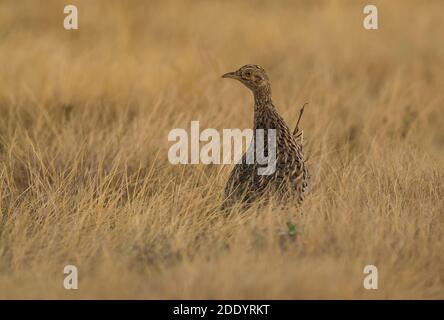 Nothura, nothura maculosa, in Pampas erba ambiente, la Pampa Provincia, Patagonia, Argentina. Foto Stock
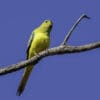 A wild Elegant Parrot perches on a branch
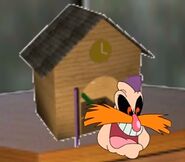 A pingas cuckoo clock that sounds at the start of every life.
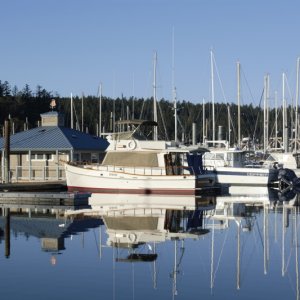 Friday Harbor on Sunday Evening, March 11th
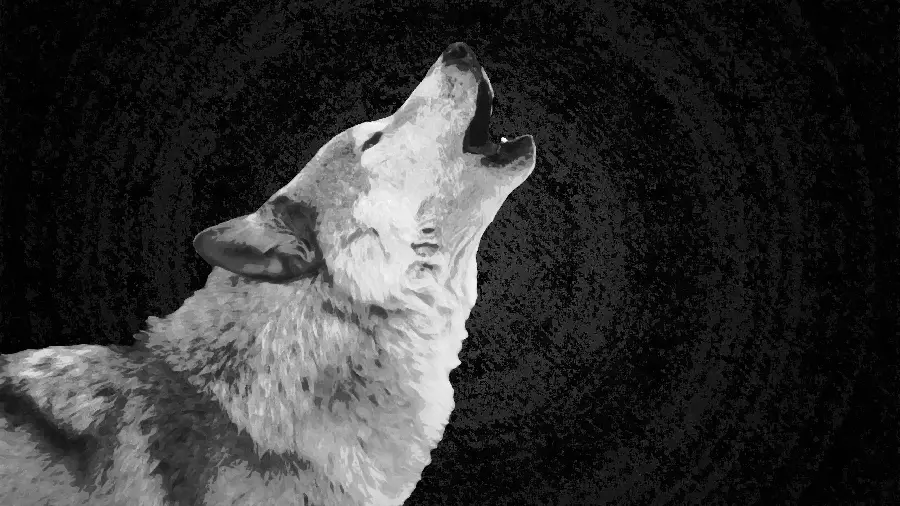 A template for a white wolf design with brilliant and exceptional details 
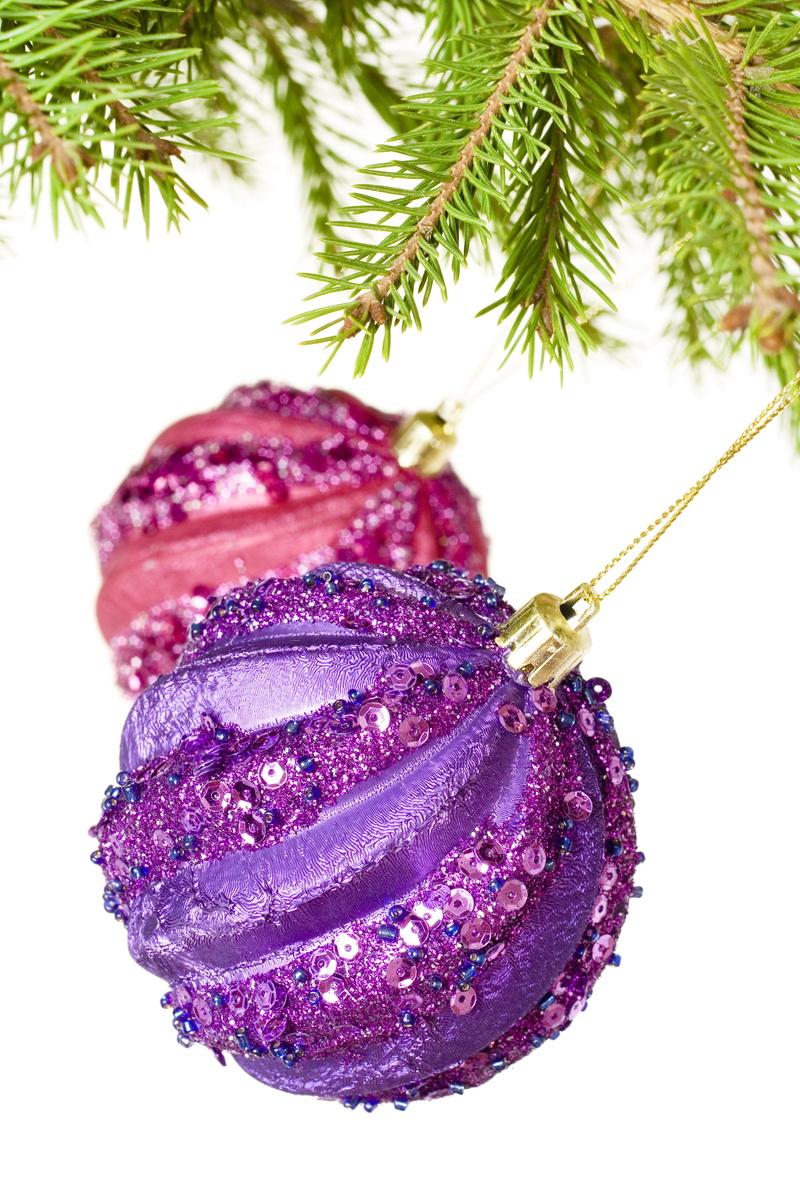 isolated, glittering, tree, bough, ball, decorate, ornament, branch, white background, ever, white, no people, bauble, sphere, festive, closeup, spruce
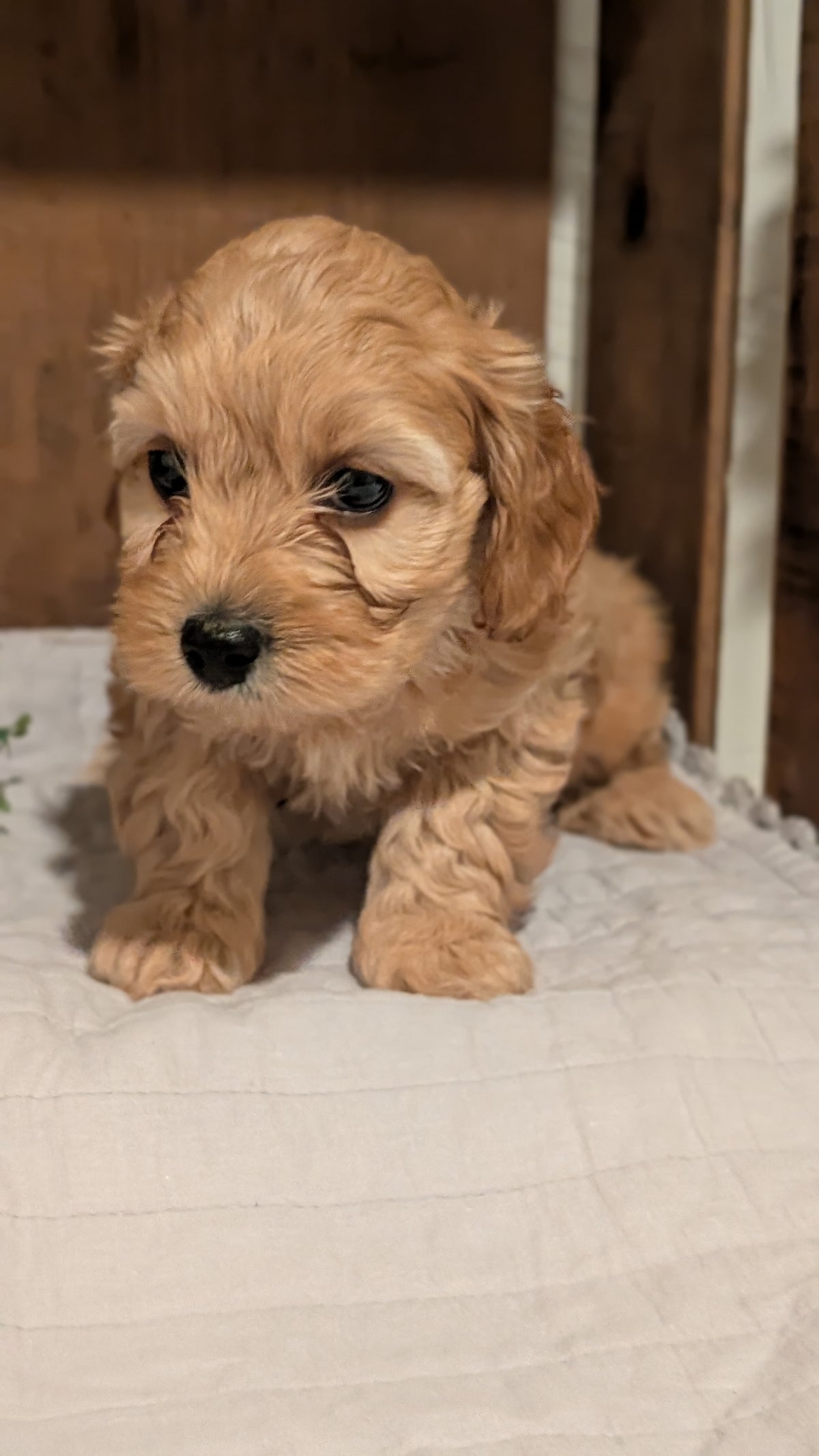 COCKAPOO (AUG 17) 3 FEMALES/1 MALE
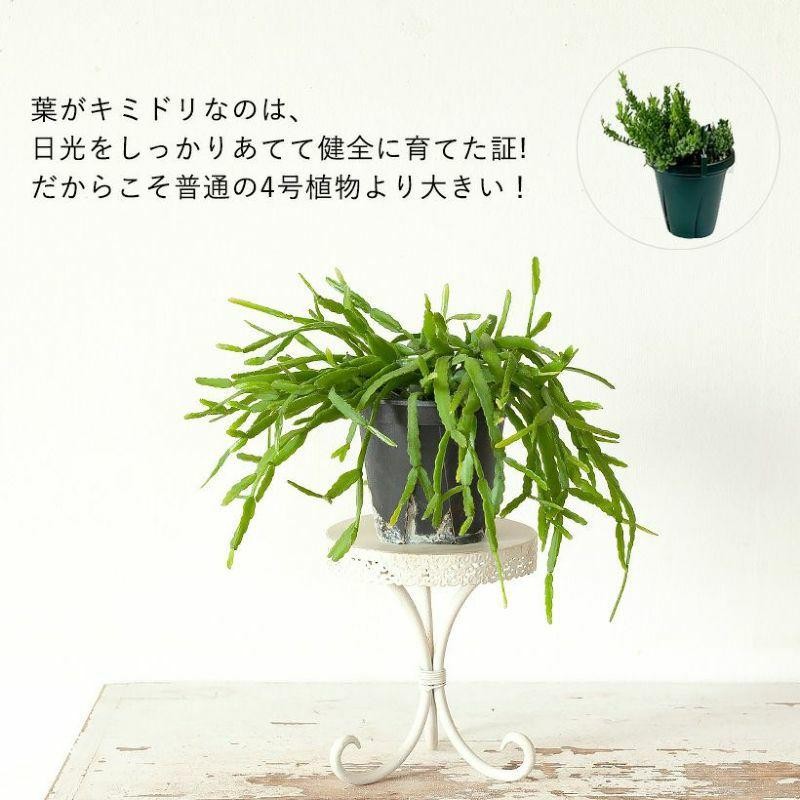 リプサリス・観葉植物・おしゃれ・お手頃サイズ！リプサリス「ラウヒオルム」 | LINEブランドカタログ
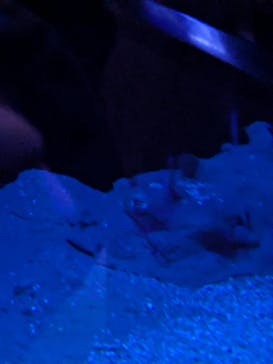 新江ノ島水族館に投稿された画像（2024/2/4）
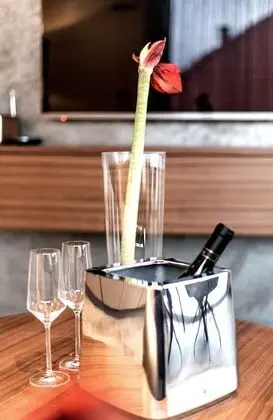 Çatı Katı Süiti (Penthouse)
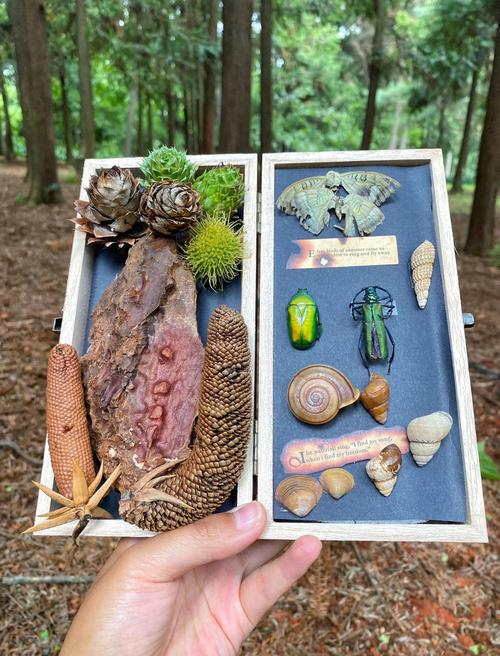 一岁宝宝摆弄家庭博物馆自然捡来的展品照片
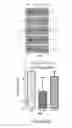 Fig. 11 - Saliva collection, processing, stabilization, and storage method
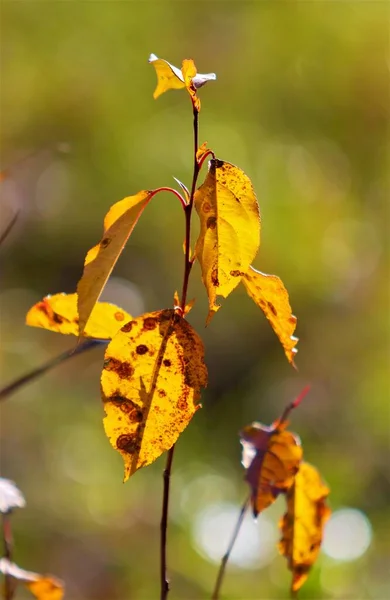 秋は太陽の下で葉 背景がぼけて — ストック写真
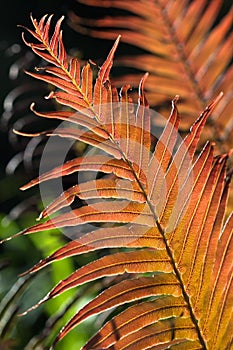 Red fern leaves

Task statement
Would you output only the span of the records above that opens with the line containing "festive, closeup, spruce" and closes with the line containing "秋は太陽の下で葉 背景がぼけて — ストック写真", ends included and pictures dropped?

Answer to this task
 isolated, glittering, tree, bough, ball, decorate, ornament, branch, white background, ever, white, no people, bauble, sphere, festive, closeup, spruce
 COCKAPOO (AUG 17) 3 FEMALES/1 MALE
 リプサリス・観葉植物・おしゃれ・お手頃サイズ！リプサリス「ラウヒオルム」 | LINEブランドカタログ
 新江ノ島水族館に投稿された画像（2024/2/4）
 Çatı Katı Süiti (Penthouse)
 一岁宝宝摆弄家庭博物馆自然捡来的展品照片
 Fig. 11 - Saliva collection, processing, stabilization, and storage method
 秋は太陽の下で葉 背景がぼけて — ストック写真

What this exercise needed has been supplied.